> [TASK STATEMENT]
Nothing in the records should be changed in the copy, though the pictures must be left out.
= Beginning of Section =
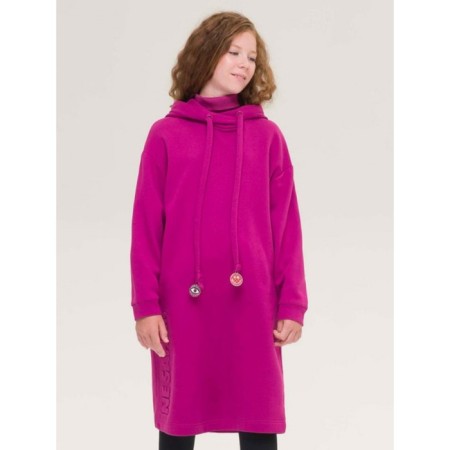Dress for girls, height 116 cm, raspberry color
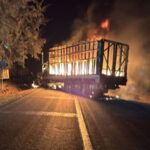 DO incendia camión de carga en Queréndaro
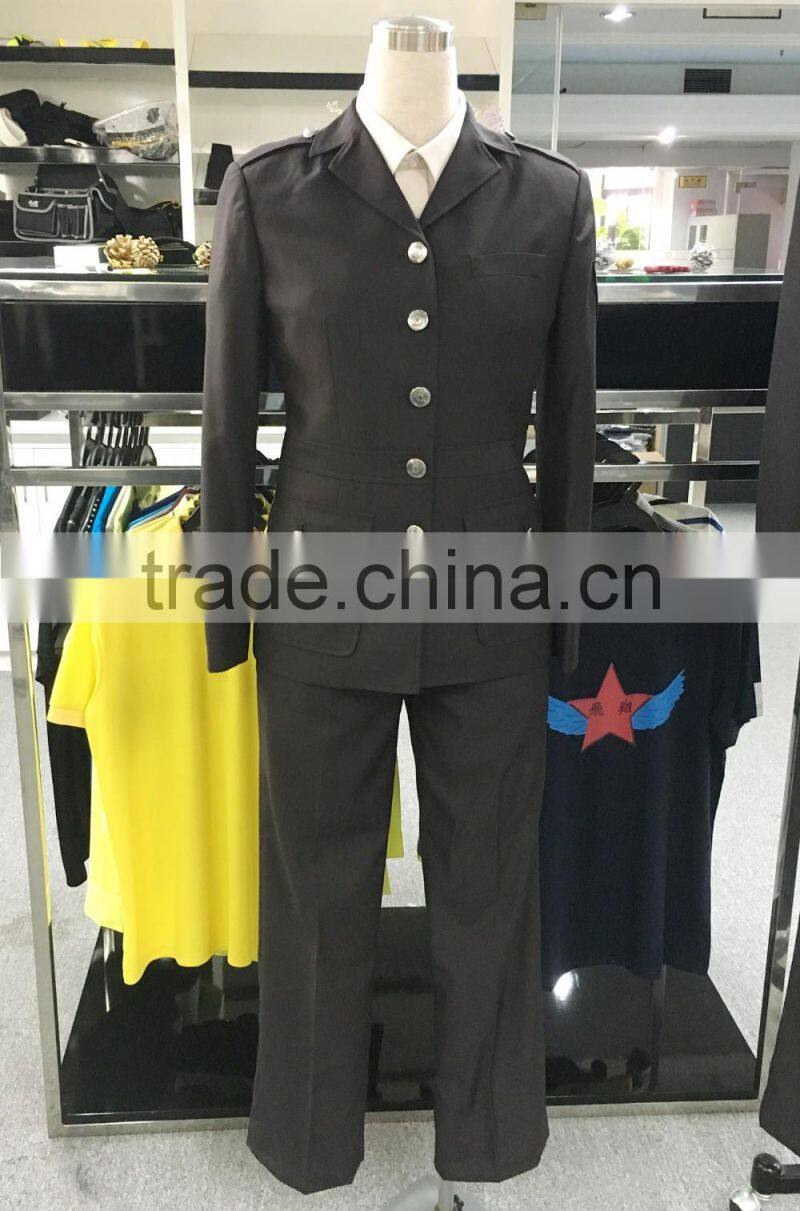 Stock men security suit uniform
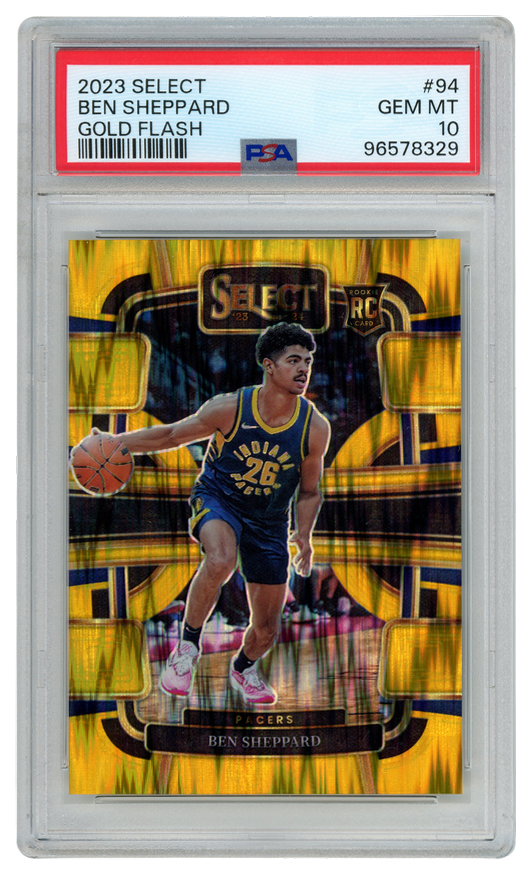 Ben Sheppard trading card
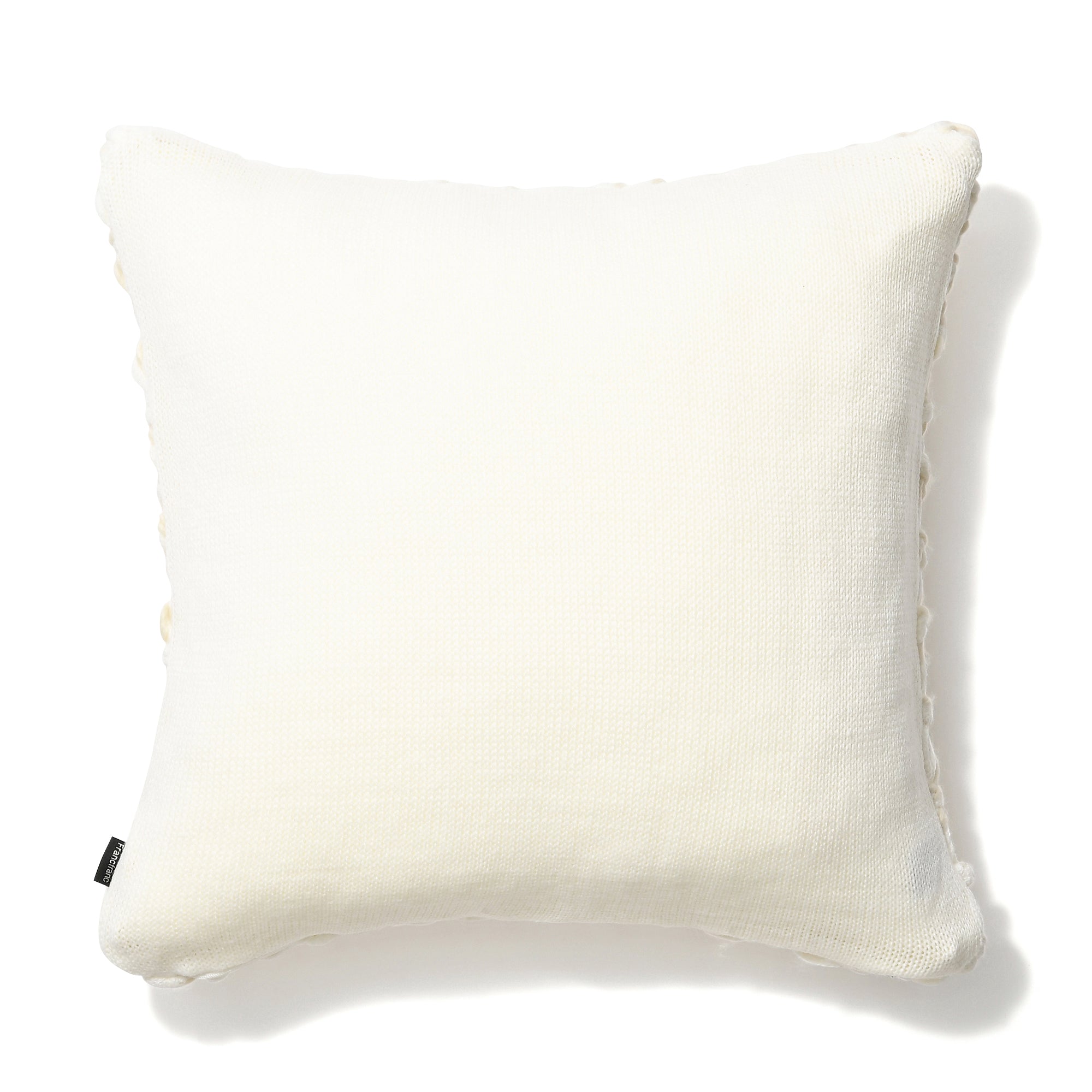 Soft Knit Mohair-Like Cushion Cover 45x45cm - White & Ivory - Cozy Home Decor for Living Room, Bedroom, or Nursery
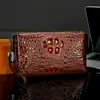 Cartera de Negocios para Hombre Pu Transfronteriza Nueva Patrón de Cocodrilo Gran Capacidad Bolso Casual de Negocios Cartera de Piel de Vaca de Primera Capa para Hombre
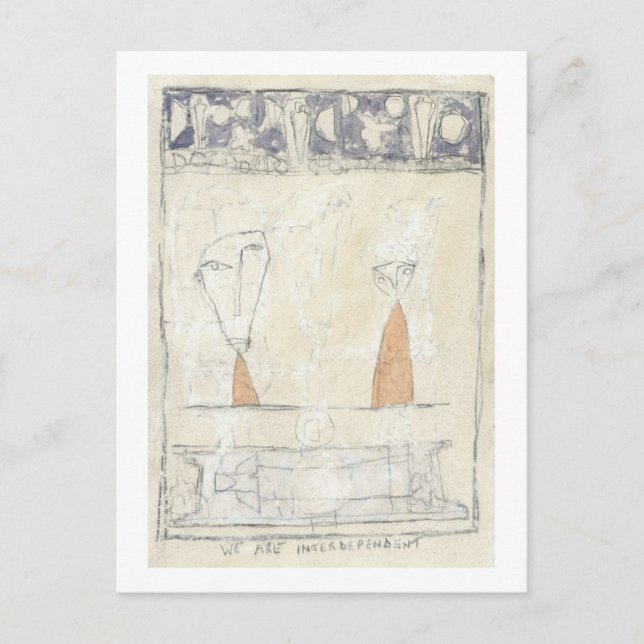 Vi är beroende av varandra vykort (Framsida)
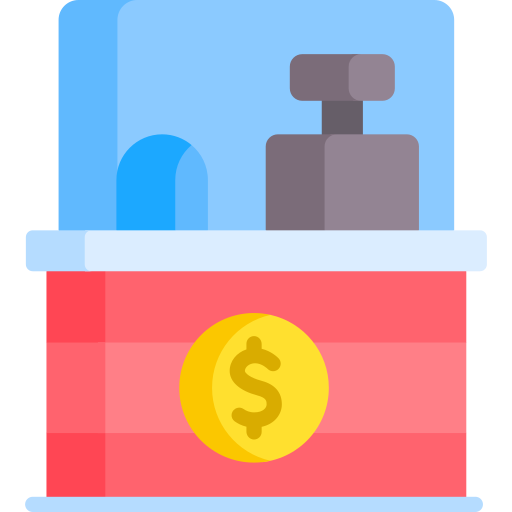 Cash counter Special Flat icon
= End of Section =
> [SOLUTION TO THE EXERCISE]
Dress for girls, height 116 cm, raspberry color
 DO incendia camión de carga en Queréndaro
 Stock men security suit uniform
 Ben Sheppard trading card
 Soft Knit Mohair-Like Cushion Cover 45x45cm - White & Ivory - Cozy Home Decor for Living Room, Bedroom, or Nursery
 Cartera de Negocios para Hombre Pu Transfronteriza Nueva Patrón de Cocodrilo Gran Capacidad Bolso Casual de Negocios Cartera de Piel de Vaca de Primera Capa para Hombre
 Vi är beroende av varandra vykort (Framsida)
 Cash counter Special Flat icon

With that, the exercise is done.